Theology being the study of God, do Muslims have any sort of theology given that they believe God is unknowable and inscrutable? Do they then, have only exegesis of the Koran and not actual theology?

6 comments

  1. This is not a rhetorical question, folks! Let’s have some rational discourse!

  2. I dunno.
    With Christianity and Judaism we see the impetus for theology in that we see a God who is an active agent in human history for direct salvation.
    The Jews await the Messiah and commemorate as the most important holiday the Exodus from Egypt, an act orchestrated only by the grace and power of God, rather than by human strength of arms.
    As Christians, we see the fulfillment of the promised Messiah in Christ and his substitutionary death for our sins on the cross and resurrection to life eternal. This miracle grounds our love and reverence and intellectual curiosity into the God whom we love “because he first loved us.”
    With Islam however, you have another garden variety faith based on merely human works towards salvation, and there is no historical act they can point to where Allah intercedes in the affairs of men to save his faithful either physically or spiritually, from death.
    So is there really any desire to study a God who hasn’t been seen to directly involve himself in human history in days of old?

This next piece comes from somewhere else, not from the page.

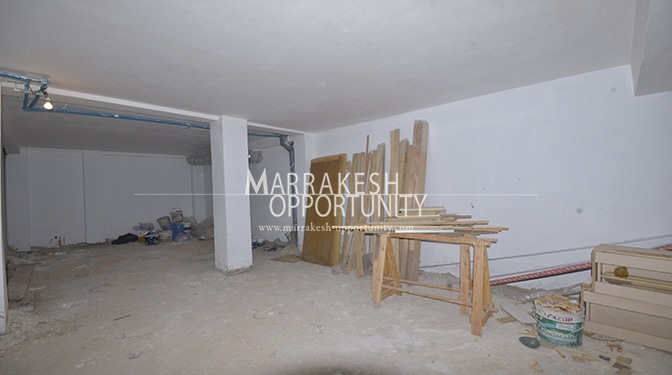 Location local commercial au centre ville «Géuliz»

  3. Actually, Ken, I think just the opposite is true: Islam does not distinguish between the active and passive will of God. Everything that happens occurs because God directly willed it, not merely because he permitted it to happen. Physics does not consist in God-given laws to give order to the universe. If an apple falls, it falls because God wanted the apple to fall, not because he permitted it to fall.
    As for Sal’s question, I’ve been thinking about it all day, and I don’t know the answer. Up until the 14th century or so, Islam’s philosophers were the most advanced, but I understand that once they began doing text-criticism on the Koran, they were silenced.
    I do know that Muslims are suspicious of any human science that might tend toward idolatry, or to provide false ideas about God. You can see they have a point, if you look at the various paper-gods invented by liberal theologians.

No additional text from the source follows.